(Update: these opinions are not endorsed by the Cycle Chic brand.)

I’ve finally settled into the harsh reality that Dallas isn’t Copenhagen. And have therefore decided to wear a bike helmet more often.

The Bishop Arts District and N Oak Cliff are pretty dreamy.

You’d think it would be obvious, Dallas differs in many ways from Copenhagen – maybe I’ve just been in denial.

As I pedal my heart out to work and home, to pick up my Urban Acres share, meet friends at Eno’s, grab something at the grocery, visit my sister…. I live in this imaginary world where Dallas is bikeable.

The harsh reality began to creep in as I was explaining to a friend how my morning commute could be made simpler by adding a bike lane on the northernmost lane of the Zang bridge into downtown.

Biking the Zang Bridge into downtown

I proceeded to tell her why that route is so treacherous and why this epiphany of mine would be such a major improvement, when she added “And people thought I was nuts biking in London – you guys deserve purple hearts!  At least London has bike lanes!”  Yeah, I guess it is pretty dangerous…

Then the bike lane debacle began to unwind and it hit me that Dallas makes a lot of City plans that only sit on shelves, never read.

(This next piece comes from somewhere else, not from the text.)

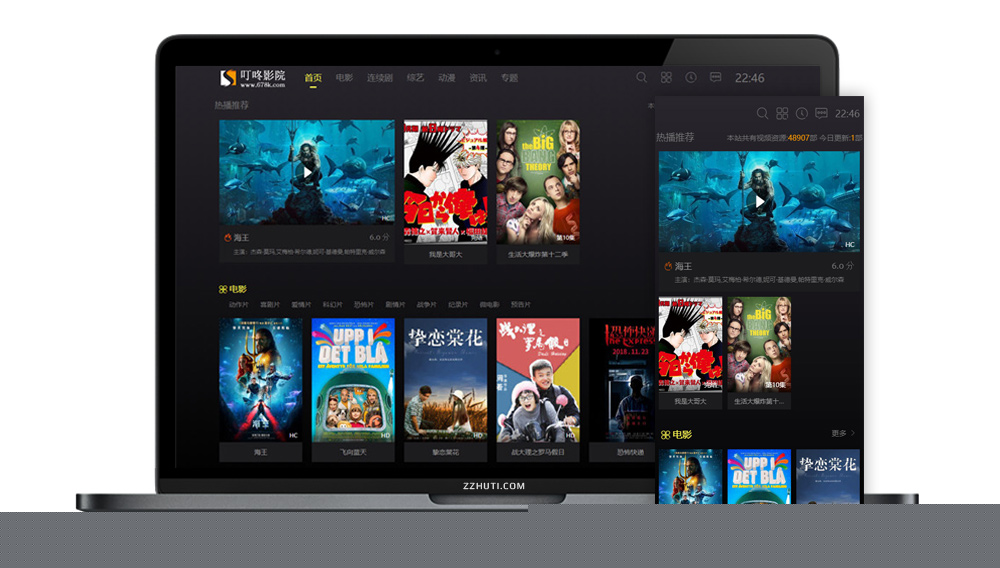 【仿叮咚影院网站源码】苹果CMS10黑色仿叮咚视频网模板自适应手机端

Dallas saw bike lanes for a day: Ross Better Block 2011

Thank goodness for those hardworking citizens of the Fort Worth Ave Development Group and businesses owners in the area who are fronting money and pushing the city for paint on pavement. We might get bike lanes afterall, but I realize that not everyone’s so aware of this need nor on-board to get it done. Not like bike lanes in Dallas get preferential treatment when fixing potholes or clearing snow (as in Copenhagen.)

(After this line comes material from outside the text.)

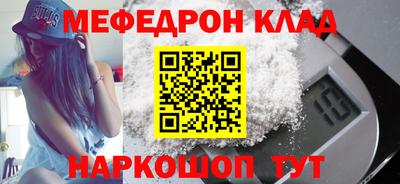 первитин Будённовск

And despite all the people I know who ride frequently, there are many in Dallas who have not touched their bike in decades and can’t remember that feeling of freedom with the wind in your hair and the birds chirping with the smell of fresh cut grass or woodburning fireplaces… Dallas drivers in their SUVs and F250s tend to get pushy, and dangerously aggressive toward cyclists. Or just plain don’t see us. (Check out the really great bike awareness campaign my friend saw in London.)

The cherry on top was another friend-of-a-friend who’s been seriously injured while biking.

It’s tragic. And it’s all convinced me that maybe wearing a helmet in Dallas is a good idea, as a realistic assessment of the biking atmosphere here.

I’m in the market for a stylish new helmet!